Incubus the band, not the sex-crazed spirit they’re named for, seems to thrive on contradiction and creating misconceptions. The five members from Calabasas, California led by Brandon Boyd, very much look like a grunge/punk/skater band to the core. But they’re music is far from grunge (in fact, it is not grunge at all), and the lyrics are surprisingly deep, meaningful, and thought provoking. Sometimes rock, sometimes indie/new age, sometimes metal, sometimes funk, sometimes pop, sometimes hip hop, you simply cannot classify Incubus into a certain musical genre. And that variety and originality has allowed Incubus to stand the test of time.  Having released their first album Fungus Amongus in 1995, the band released their eighth studio album earlier this year aptly titled 8. The band played last night at Riverbend on the 9th stop of the 8 tour along with openers Judah the Lion and Jimmy Eat World.

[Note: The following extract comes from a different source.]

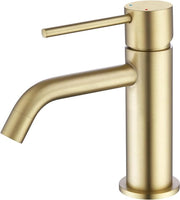 Rubinetto da bagno - Laccato oro - Unico foro - Ottone - Unico giro - Rubinetto da vasca - Guadagno da vasca - Rubinetto da vasca a unico giro in ottone con guadagno da vasca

Incubus came out swinging with the hard-hitting “Love in a Time of Surveillance” off of the aforementioned 8. And check out these lyrics: “I will embrace my assailants. Kill them with kindness and patience.” Such are not the words of a band that doesn’t have a conscience. Which is why I figured that Boyd was simply being ironic when he removed his soak-drenched jacked to reveal a sleeveless white shirt with the message “eye f*ck on the first date.” After the opening song, Incubus drew huge applause by playing “Warning” off of 2001’s Morning View.

Later, after concluding “Wish You Were Here,” guitarist Mike Einziger segued into the easily recognizable chords of the Pink Floyd song of the same name to which Boyd sang the first verse and chorus. Other notable moments were “Redefine” off of Incubus’ 2nd album S.C.I.E.N.C.E., which harkened back to the days when the group sounded much more like 311 and less like the Incubus we hear today, “The Warmth” off of 1999’s Make Yourself, which features the sound of whales talking to each other in the intro (you’ll have to hear it to understand), the fast-paced “Sick Sad Little World” off of A Crow Left of the Murder with a three minute, frenetic jam session, and the completely instrumental and trippy “Make No Sound in the Digital Forest” off of their newest album.

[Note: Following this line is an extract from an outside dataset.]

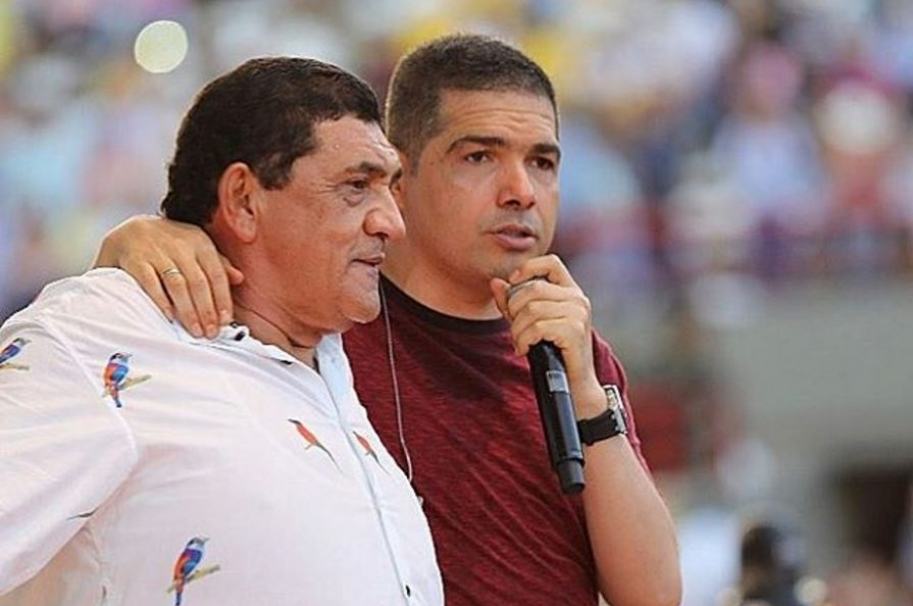Poncho Zuleta y Peter Manjarrés, cantantes.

In all, the show was a perfect mix of new tracks off of 8 (8 in all) and old classics. The band even seemed to oblige the fans who were chanting “Stel-lar, Stel-lar, Stel-lar” by playing Stellar near the end of the set. The night ended with back-to-back tracks off of Morning View: “Nice to Know You” closed the set, but was followed by an encore of one of my all-time favorites, the Eastern inspired, meditative “Aqueous Transmission” where Einziger shows off his skills on the pear-shaped, four-stringed Chinese pipa. After its conclusion, as the house lights went up, the five members gathered on the stage and took a collective bow thanking the audience. A classy move by one of the most diverse and original groups you’ll ever hear. Hopefully they won’t stop making music anytime soon.